Stored data entries
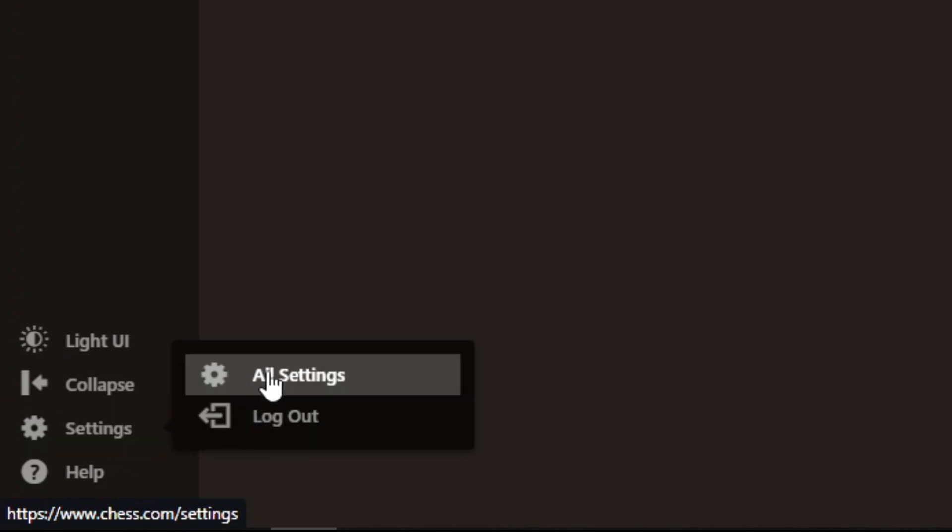you can go right here to settings, and you can see it on the bottom left corner, and click all settings.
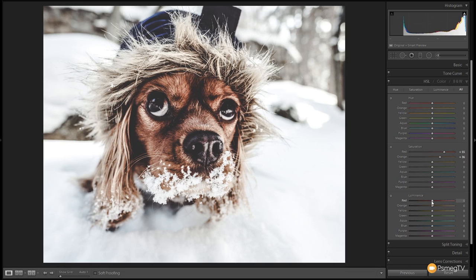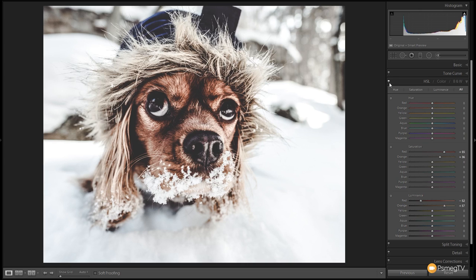The next thing I want to do is adjust the luminance slightly. I want to darken the reds down a little bit — drag that down to about minus that kind of point. With the orange we're going to bump this up — we want to lighten the orange colors to make it a little less rich in the brown. Let's take a look before and after. The dog's face now just looks a little bit more punchy and draws your attention to it just a little bit better.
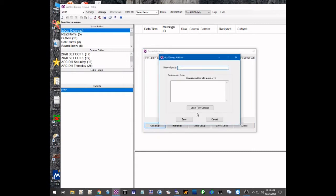The first thing you have to do is give it a group name. I'm just going to call this the ECRO Emergency Coordinator Radio Officer group. Down in this window, make sure you note the instruction: separate all call signs with a space or a semicolon. We're just going to use a space. I'm going to put in our county emergency coordinator K8RO and adjacent county's emergency coordinator WHCOP.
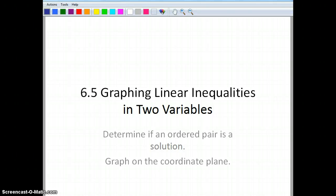This is section 6.5, graphing linear inequalities in two variables. When we finish, I want you to be able to determine if an ordered pair is a solution, and I'd also like for you to be able to graph the inequality on the coordinate plane.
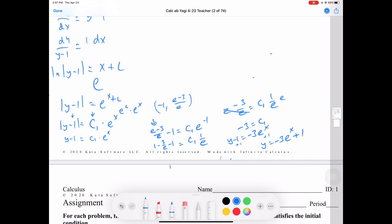Going back to write y equals: y minus 1 equals negative 3 e to the x. Adding 1 to both sides: y equals negative 3 e to the x plus 1. We can verify by plugging in x equals negative 1, which gives negative 3 over e plus 1, with common denominator e that's (e minus 3) over e, which matches our answer.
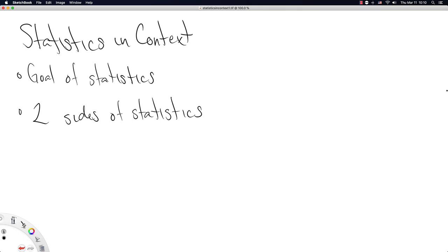This video is going to attempt to put our world of statistics in context, really in the context of what is statistics doing for us. So we'll start out with a goal, with pretty much the goal of statistics, and then we'll talk about how we have framed statistics towards that goal.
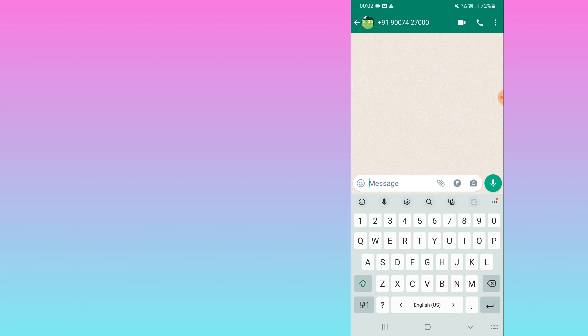Here you can see a WhatsApp chat appear — without adding anyone as a contact, I can message this person directly. This is how you can do it. I hope you find this video useful. Thank you.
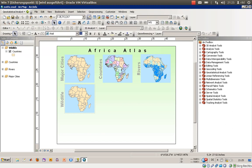Welcome everyone to this exercise number 5c from the book Getting to Know ArcGIS. In this exercise I would like to show you how to create layer files and also change feature or shapefile representation in your documents you would like to create.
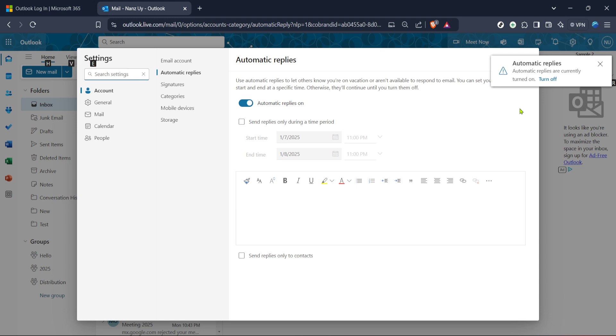And there you have it, you've successfully set up an automatic out-of-office reply. Now you can relax, knowing that whoever tries to reach you will be well informed about your unavailability. I hope you found this guide helpful. If you have any questions or need further clarification, feel free to drop them in the comments below. Don't forget to like and subscribe for more tips on how to optimally use your digital tools. Thanks for watching and have a stress-free day away from your inbox.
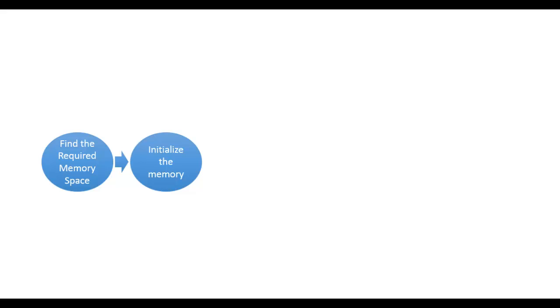Once the memory space is allocated, initialize the memory space and set the initial state to the resource so that it can be available for use. The resource is used one or many times.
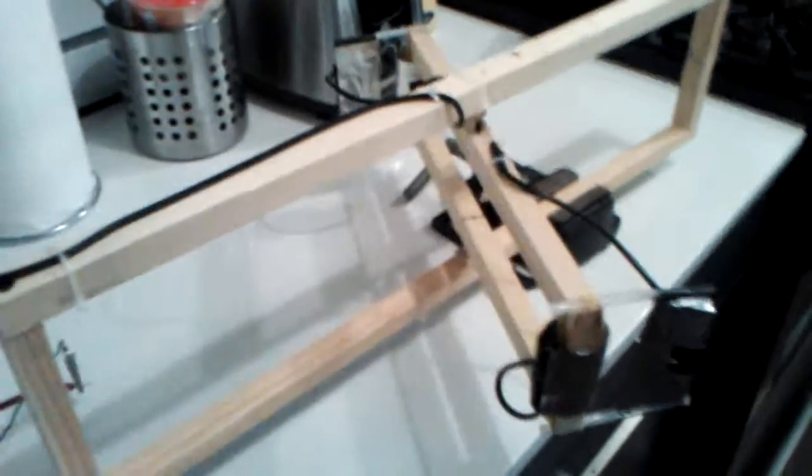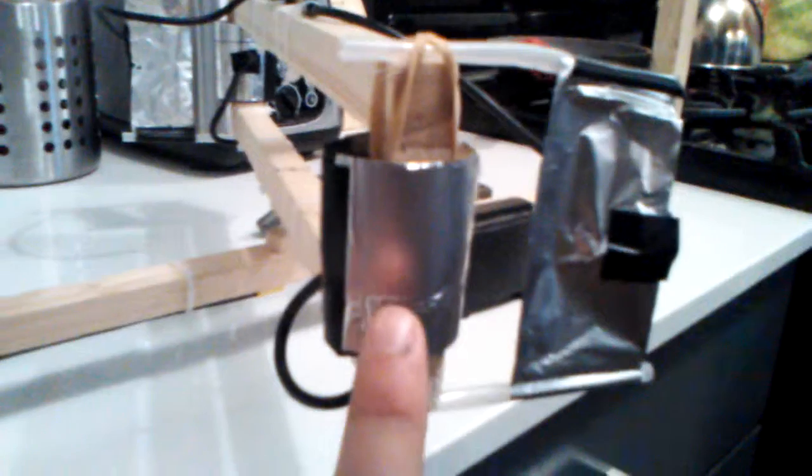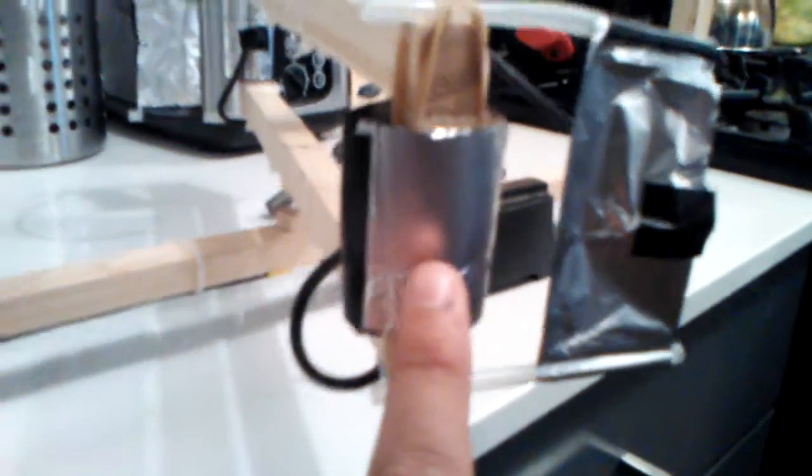Hello everyone, this is my replica of Thomas Townsend Brown Electrogravitic apparatus. This is going to rotate using nothing but high voltage DC electricity. This is going to be electrified and this is going to be electrified as well with the opposite charge.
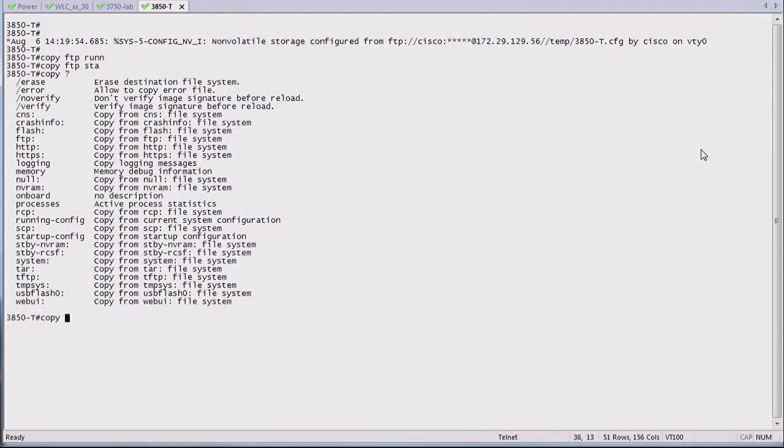And because it's copy, you can also do the other way around. You say copy running config to FTP, copy running config, or startup config to FTP, et cetera. So it's the classical iOS command here as well. Pretty simple.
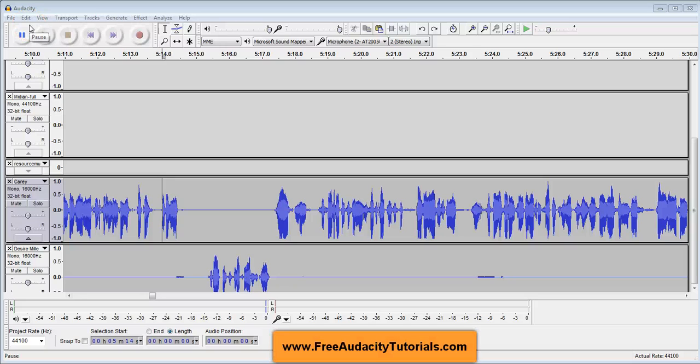Hi, this is Kerry from FreeAudacityTutorials.com, and today I have been working on an episode of my podcast, and I was using a function that I thought it would be good to make a tutorial about.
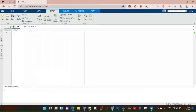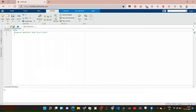Hi, this is Nidhi. In this video we will talk about logical operators. There are three types of operators: AND, OR, and NOT. Let's see what symbols we use for these operators. For AND we use the AND operator, for OR we use the OR operator, and for NOT we use the NOT operator.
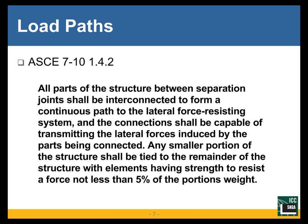ASCE 7, Section 1.4.2, gives us the first direction about load paths — really part of the structural integrity. All parts of the structure between separation joints should be interconnected to form a continuous load path to the lateral force-resisting system, and connections shall be capable of transmitting the lateral forces induced by the parts being connected. Any smaller portion of the structure shall be tied to the remainder with elements having strength to resist at least a force not less than 5% of that portion's weight.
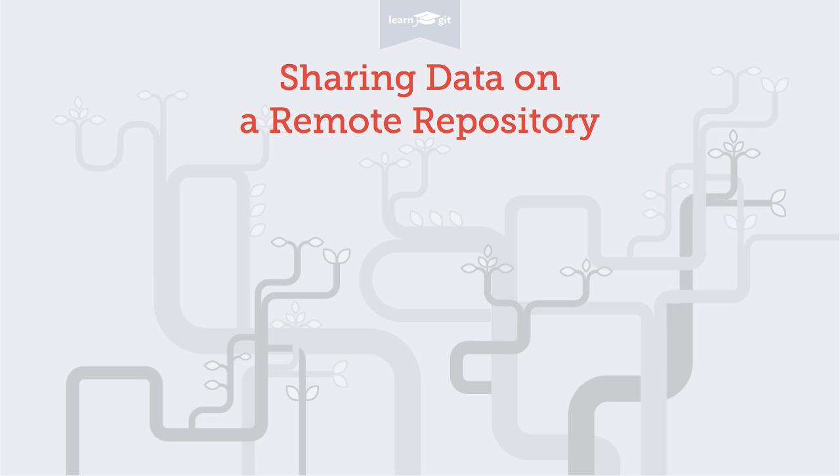Welcome to a video series on learning version control with Git. Today we'll talk about the concepts behind sharing your data on a remote repository.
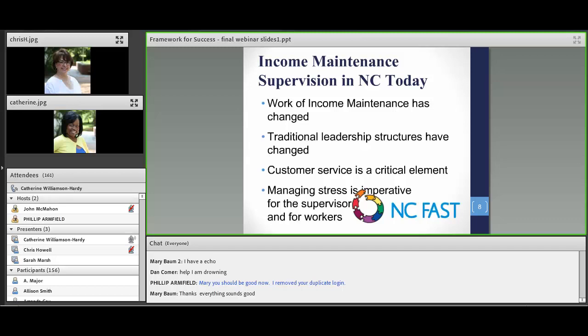Let's look at this changeless core that Covey is talking about. He defines it as principles and values. That's right, Catherine, and I love your analogy of the whitewater — everybody I've shared that with has absolutely said that that's exactly what it feels like. I'm wondering if you could share with us a little bit more about the changeless core and what you all rely on at Durham DSS in terms of your principles of partnership.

What is being asked:
Copy the lines above exactly, starting at the one with "Welcome everyone to" and ending at the one with "And because it's", both included. Leave out any pictures and add nothing else.

Answer to the problem:
Welcome everyone to this exercise number 5c from the book Getting to Know ArcGIS. In this exercise I would like to show you how to create layer files and also change feature or shapefile representation in your documents you would like to create.
And there you have it, you've successfully set up an automatic out-of-office reply. Now you can relax, knowing that whoever tries to reach you will be well informed about your unavailability. I hope you found this guide helpful. If you have any questions or need further clarification, feel free to drop them in the comments below. Don't forget to like and subscribe for more tips on how to optimally use your digital tools. Thanks for watching and have a stress-free day away from your inbox.
Once the memory space is allocated, initialize the memory space and set the initial state to the resource so that it can be available for use. The resource is used one or many times.
Hello everyone, this is my replica of Thomas Townsend Brown Electrogravitic apparatus. This is going to rotate using nothing but high voltage DC electricity. This is going to be electrified and this is going to be electrified as well with the opposite charge.
And because it's copy, you can also do the other way around. You say copy running config to FTP, copy running config, or startup config to FTP, et cetera. So it's the classical iOS command here as well. Pretty simple.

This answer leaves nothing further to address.